BEGIN EXERCISE INPUT

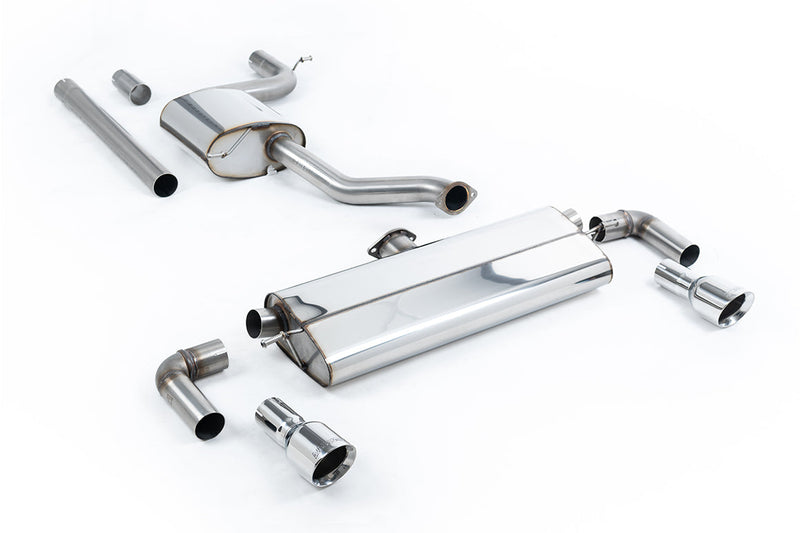Milltek Sport - Volkswagen Golf Mk7.5 1.5TSI Evo GT & R-Line (Both GPF/OPF & Non GPF/OPF Models) - Cat Back Exhaust - Multiple Options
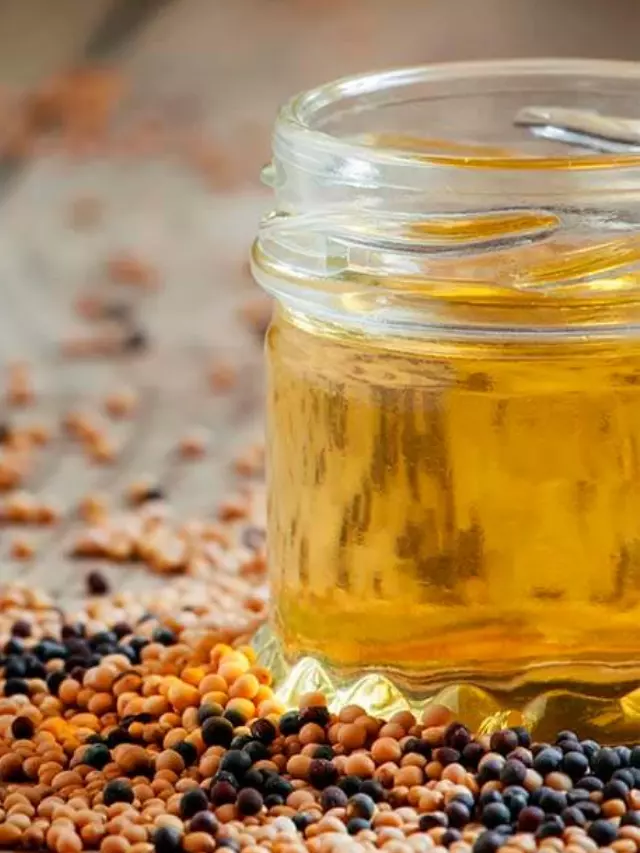 Mustard Oil Benefits: Health Benefits Of Mustard Oil For Skin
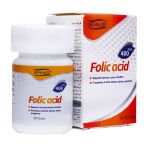 قرص فولیک اسید 400 میکروگرم های هلث 30 عدد - HI Health Folic Acis 400 mcg 30 Tabs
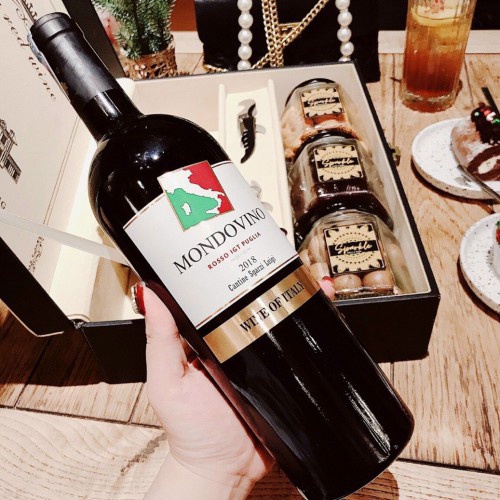 [Nhập khẩu chính hãng] Vang Ý Mondovino Rosso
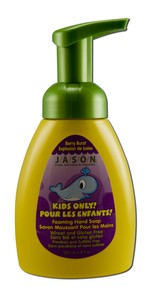 JASON NATURAL PRODUCTS: Kids Berry Burst Foaming Soap 8 oz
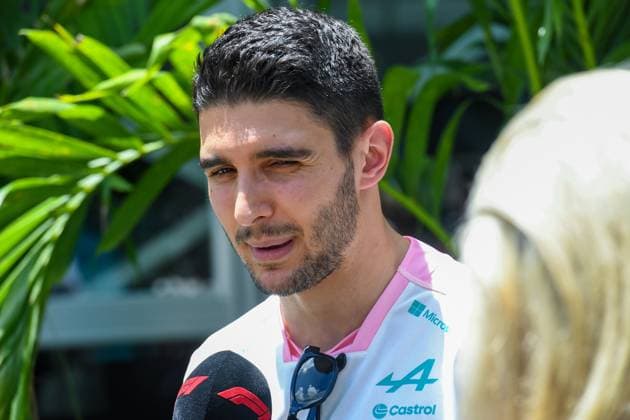 Formula 1 GP Miami USA 04 05 2024 Esteban Ocon 31, BWT Alpine F1 Team Formula 1 GP Miami USA 04 05 2024 Copyright: xBEAUTIFULxSPORTS Erlhofx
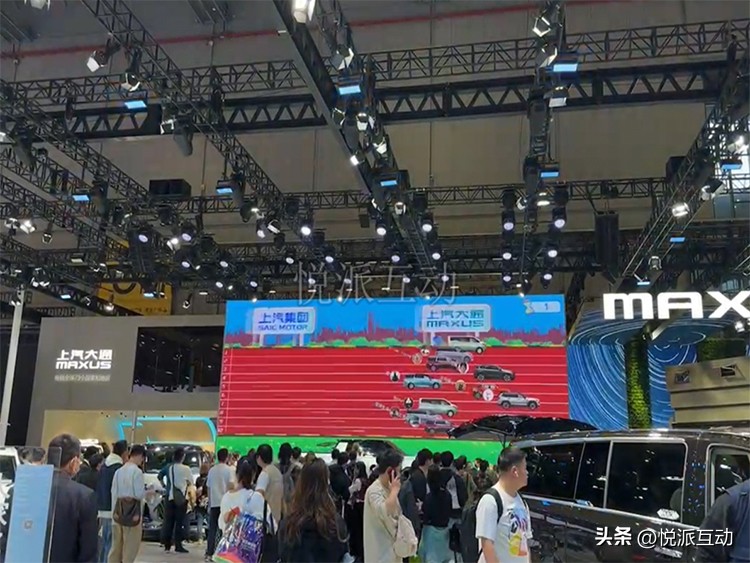 汽车活动专题 游戏_吸引人气车展互动游戏_车展互动装置方案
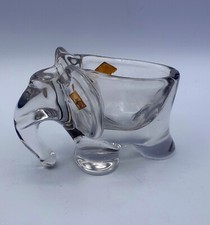 Eléphant en Cristal -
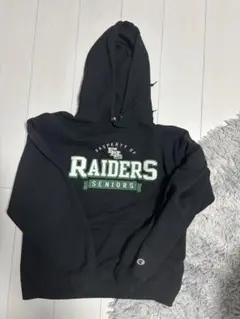 Champion RAIDERS SENIORS パーカー Lサイズ
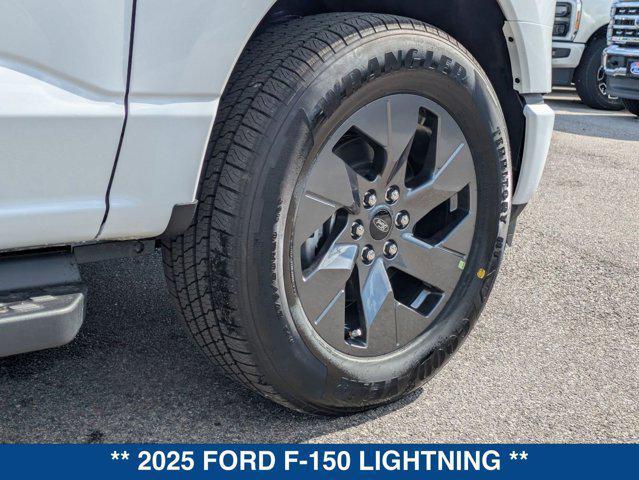 new 2025 Ford F-150 Lightning car, priced at $69,165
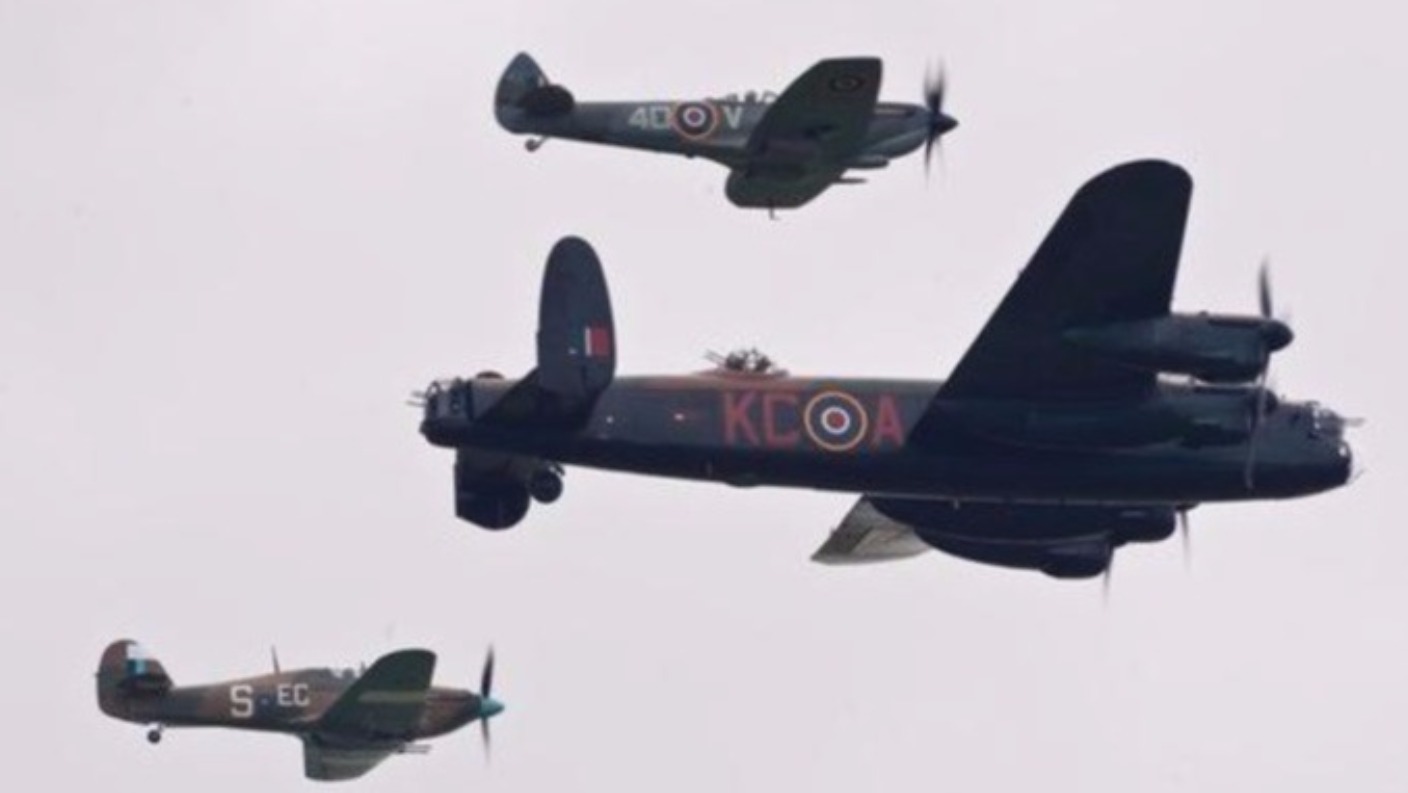 Jersey International Air Display schedule ITV News Channel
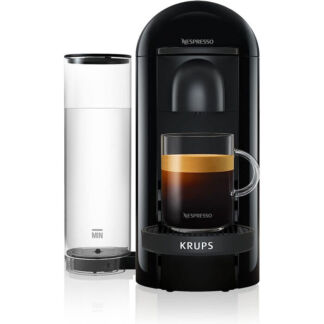 Krups Капсульная кофемашина 230 мл, черная Nespresso Vertuo XN9038 Krups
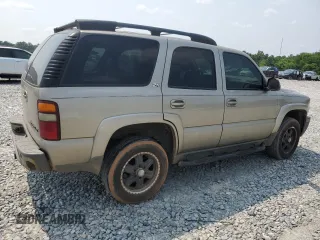 2002 Chevrolet Tahoe Z71 z VIN 1GNEK13Z02R269752, wystawiony jako Copart lot #59030705 z przebiegiem 342 433 mil mil oraz Szkoda całkowita • Salvage title. Historia ofert i sprzedaży dostępna na DreamBid. Obrazek 3.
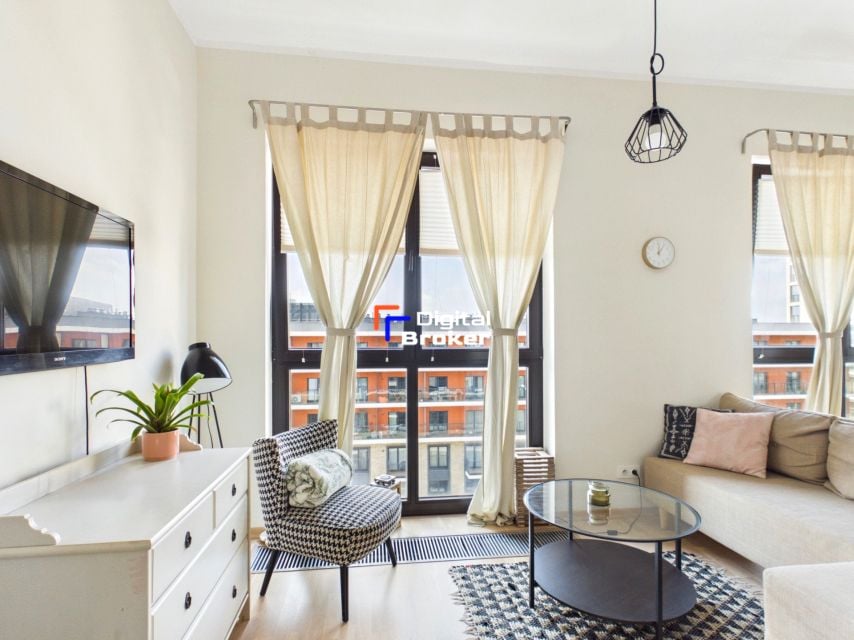 Apartment in Wrocław, Trójkąt, Przedmieście Oławskie - Widok 2
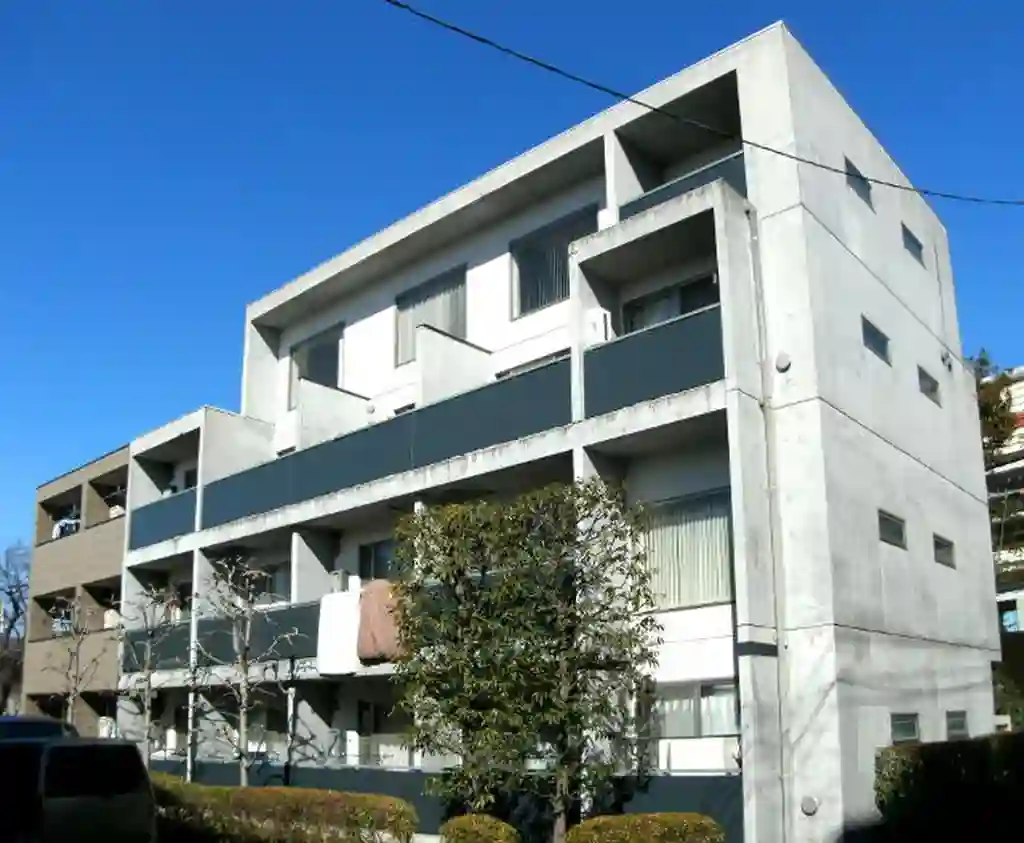 サンフラッツ高井戸 外観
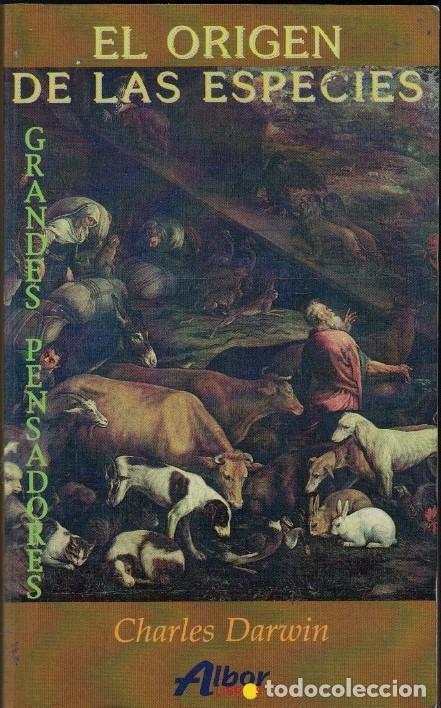 Libros: EL ORIGEN DE LAS ESPECIES. - Darwin. Charles, (1809-1882) - Foto 1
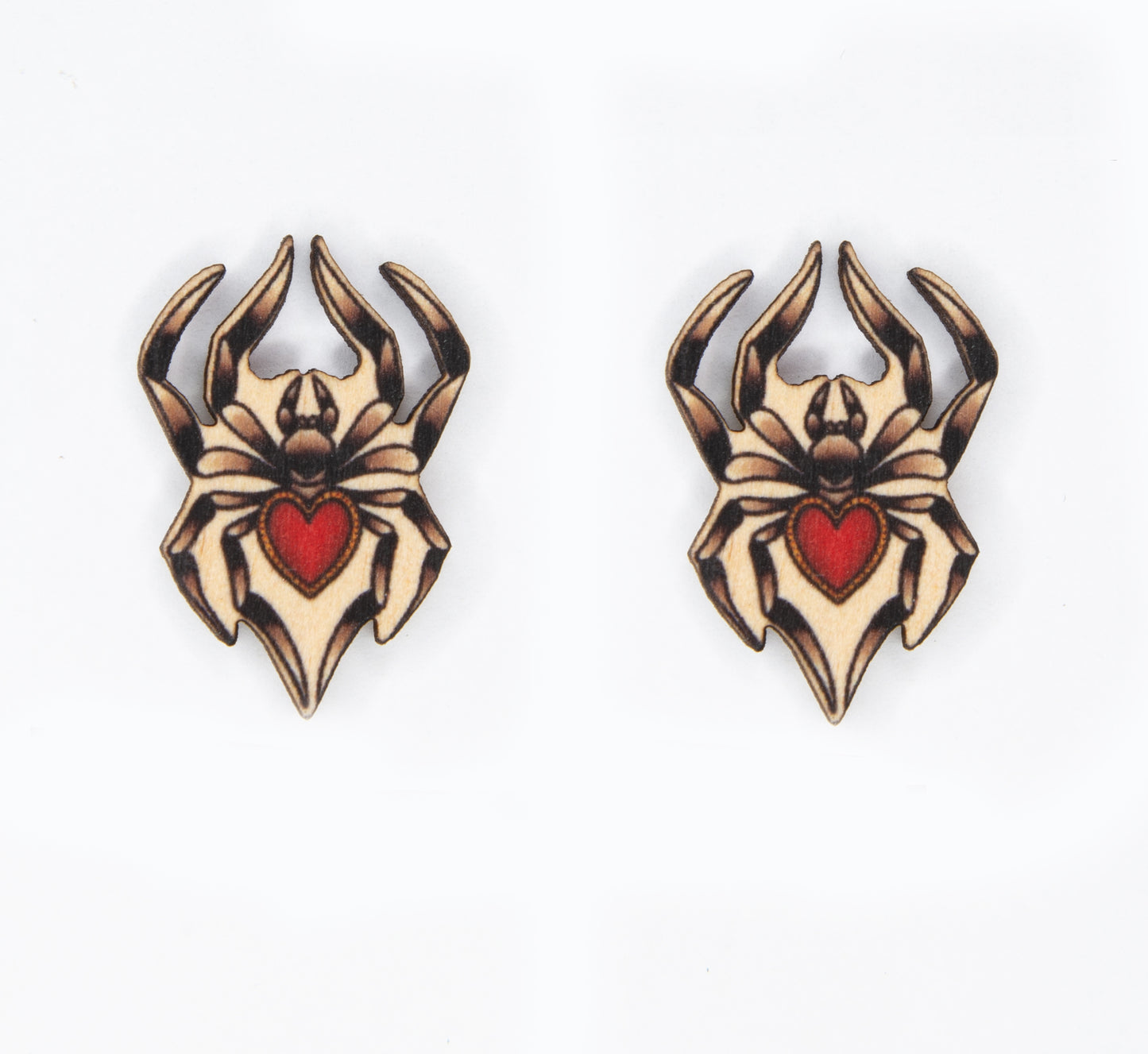 Spider Stud Earrings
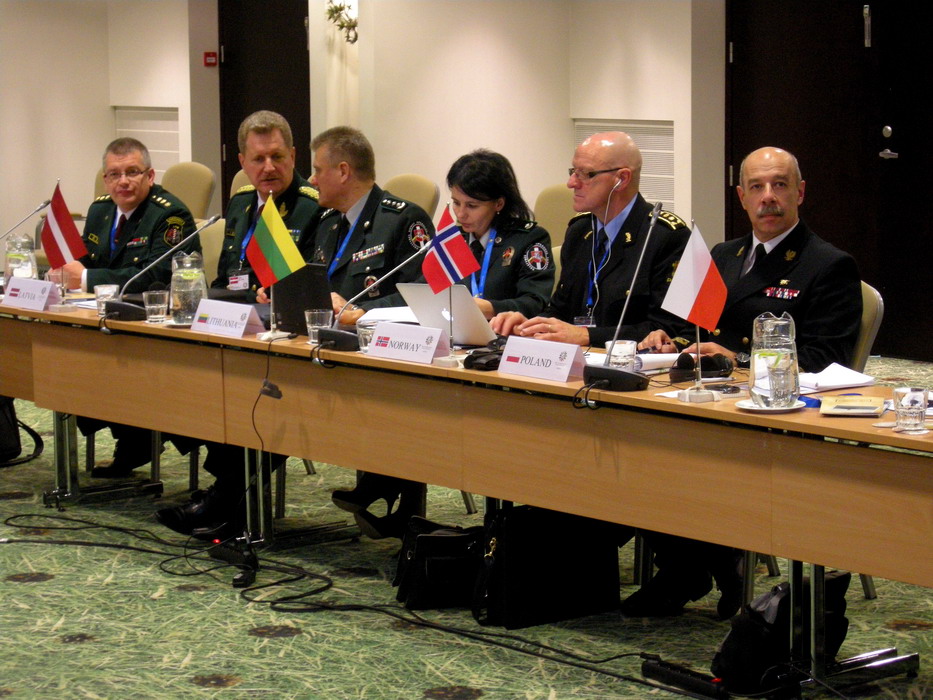 Konferencja szefów nadbałtyckich służb granicznych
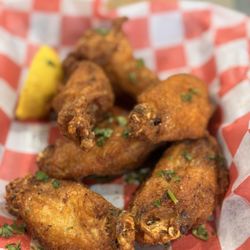 Burger Billy’s Joint - Old Bay Wings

END EXERCISE INPUT

WHAT THE TASK ASKS :: Of the entries above, print exactly those lines that run from the one containing "サンフラッツ高井戸 外観" through the last line, excluding any pictures.

SOLUTION FOR THIS TASK ::
 サンフラッツ高井戸 外観
 Libros: EL ORIGEN DE LAS ESPECIES. - Darwin. Charles, (1809-1882) - Foto 1
 Spider Stud Earrings
 Konferencja szefów nadbałtyckich służb granicznych
 Burger Billy’s Joint - Old Bay Wings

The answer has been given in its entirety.